Ireland is gearing up to implement new regulations governing cryptocurrency, in anticipation of the European Union’s (EU) forthcoming package of laws designed to combat money laundering and terrorist financing.
Finance Minister Jack Chambers is taking urgent steps to draft legislation that will update the country’s crypto regulations, as reported by The Irish Examiner.
While the specific details of these rules remain unclear, Chambers, who assumed office in June 2024, has minimal experience as a crypto regulator.
The Anti-Money Laundering and Countering the Financing of Terrorism Act, effective from December 30th, 2024, grants enhanced investigative powers to the Financial Intelligence Units (FIUs) of EU member states, allowing them to suspend transactions.
Additionally, the legislation includes an EU-wide prohibition on cash payments exceeding €10,000 and imposes stricter reporting obligations on various financial services entities, including crypto exchanges.
It is important to distinguish the revised Anti-Money Laundering and Countering the Financing of Terrorism Act from the Markets in Crypto-Assets Act (MiCA), which specifically addresses virtual assets such as cryptocurrencies and stablecoins. Both statutes are slated to become effective in December 2024.
Instances of organized crime employing cryptocurrencies for illicit purposes have been documented in Ireland. To tackle this issue, Ireland’s Criminal Assets Bureau (CAB) has taken proactive measures to educate law enforcement officers on investigating crypto-related crimes through workshops conducted in collaboration with entities like crypto exchange Binance.
In a 2020 case, the CAB confiscated Bitcoin valued at approximately $56 million from a Dublin resident accused of running a cannabis cultivation enterprise.

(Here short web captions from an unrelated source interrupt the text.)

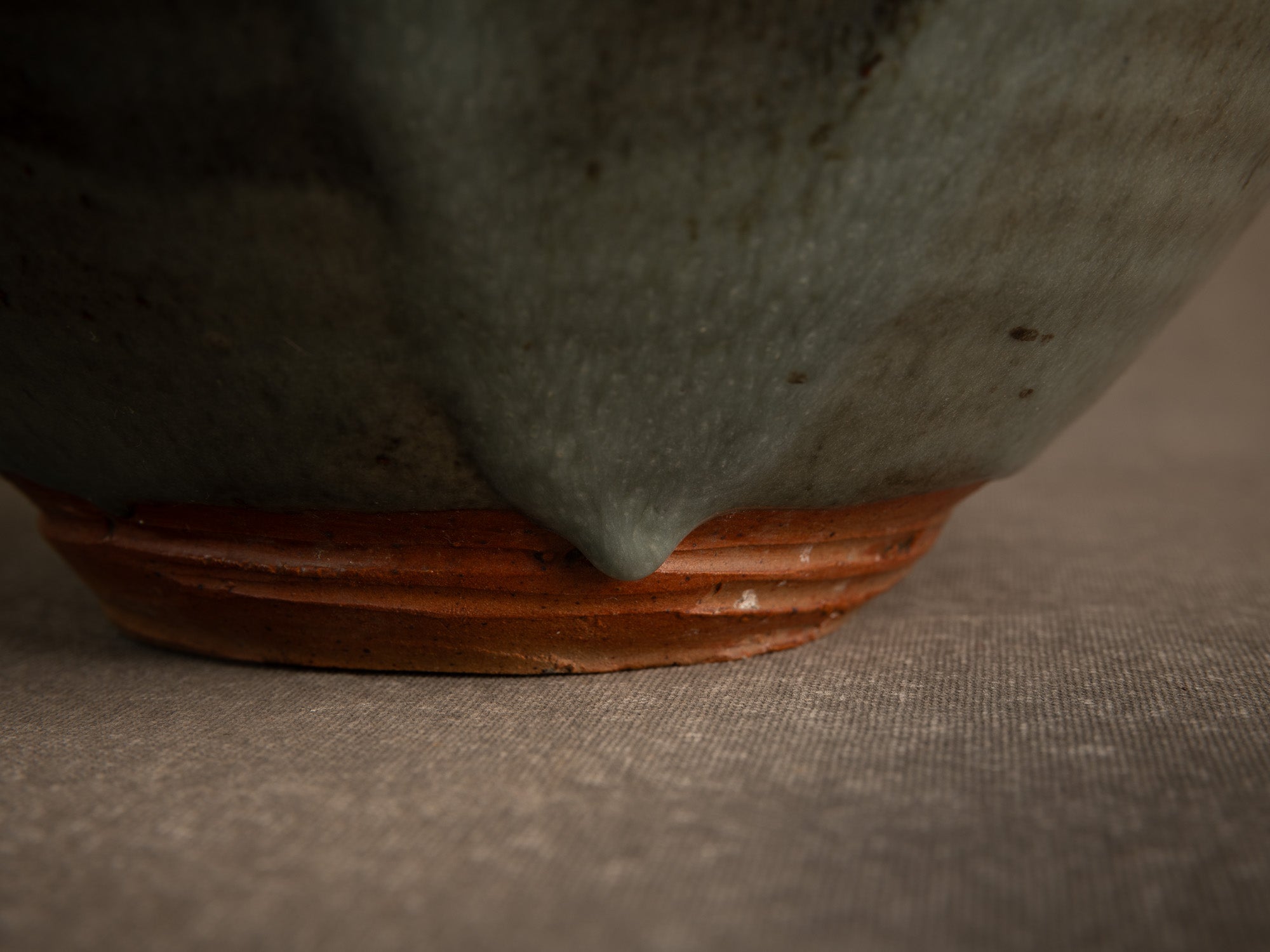 Rare grande jarre tsubo d'Hervé Rousseau à la Borne, France (vers 1983)..La Borne tsubo jar / pot by Hervé Rousseau, France (circa 1983)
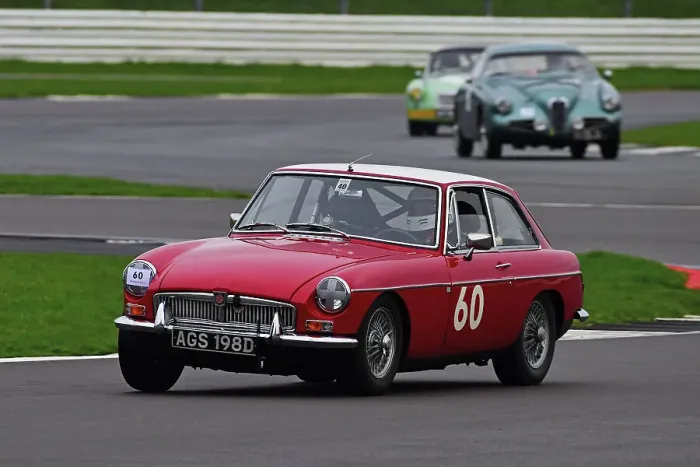 Framed Print : CJ13 4201 Roger Tushingham, MG B GT Framed Print : CJ13 4201 Roger Tushingham, MG B GT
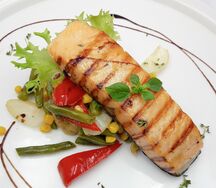 Семга Баттерфляй с овощами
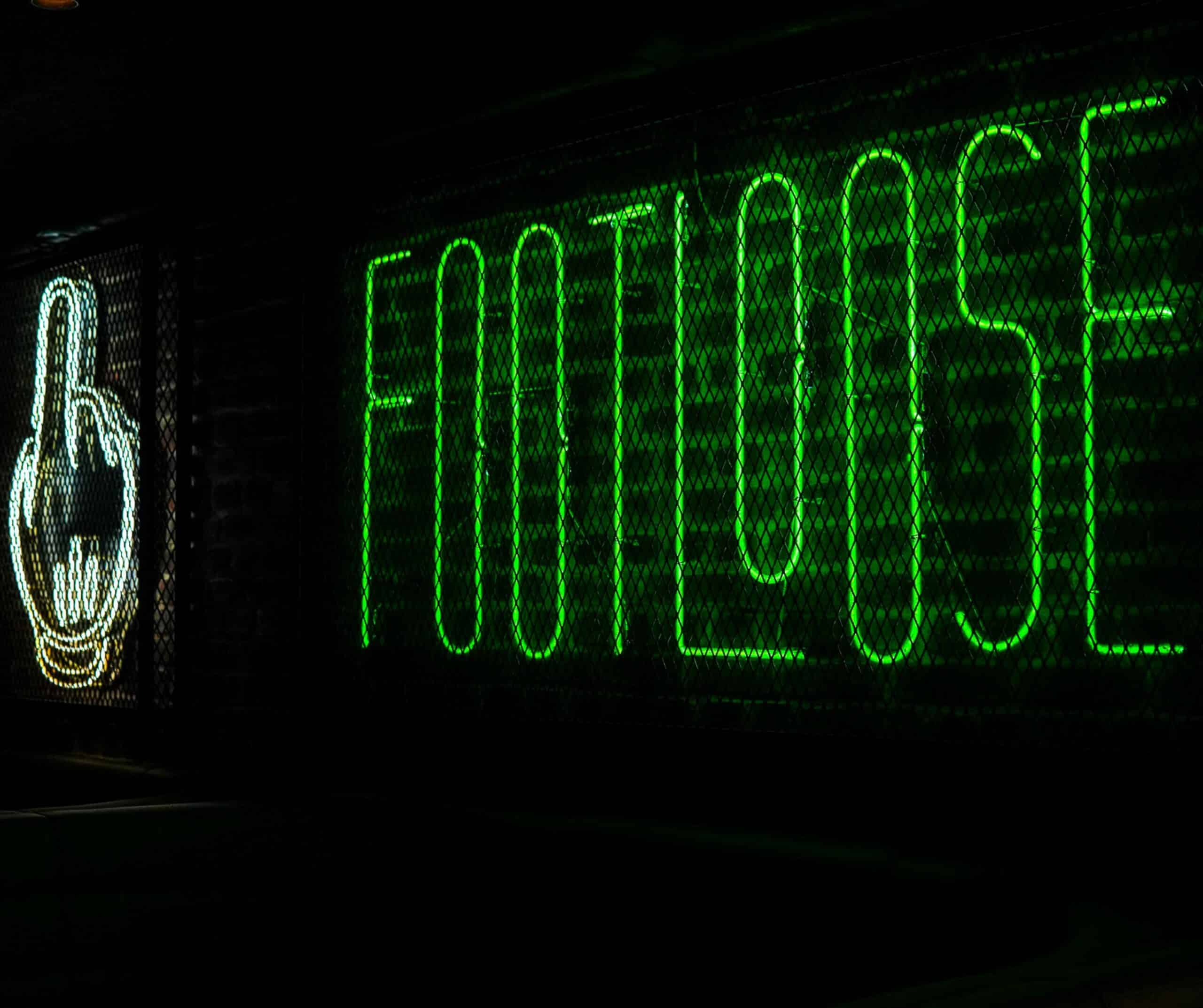 Footloose club malta sign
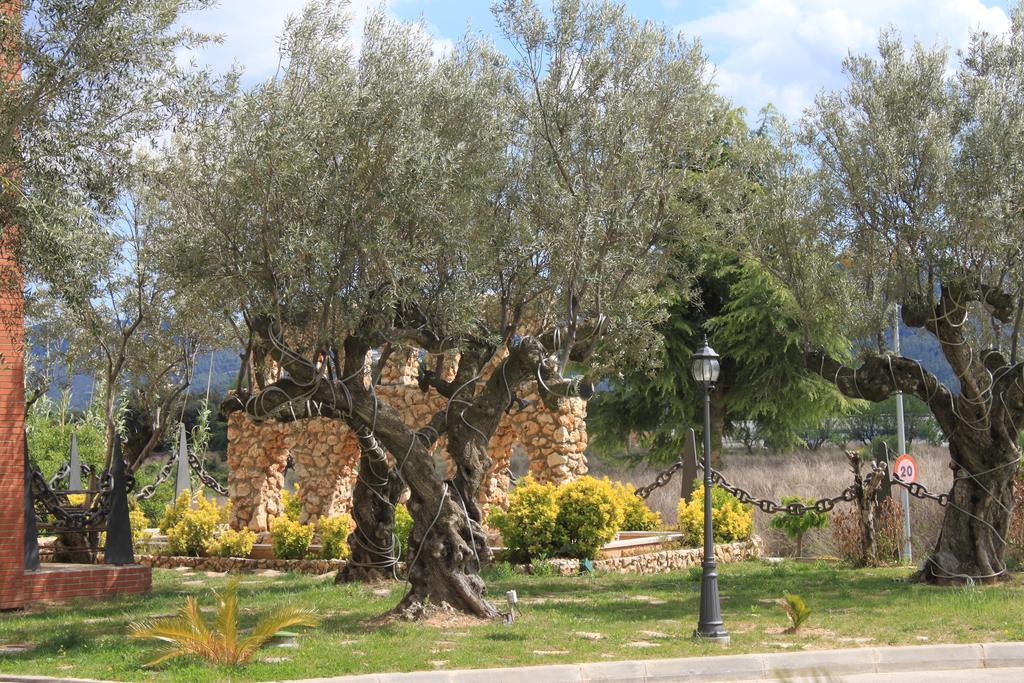 Hostal Las Torres Sant Esteve Sesrovires Dış mekan fotoğraf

However, the CAB has been unable to access these funds, which are now valued at $378 million.
The approach Ireland will adopt in response to the new anti-money laundering regulations remains uncertain, prompting speculation among various companies about the potential impact of the forthcoming EU rules.
For instance, Binance vacated Cyprus in anticipation of the impending MiCA legislation in July 2023, while other entities view it as an upcoming opportunity.
Beata Sivak, the head of government relations and policy for Europe at crypto exchange Kraken, cited MiCA as providing the entity with the capability to invest in the region and the legal certainty it desires, as highlighted at Brussels’ Blockchain Week.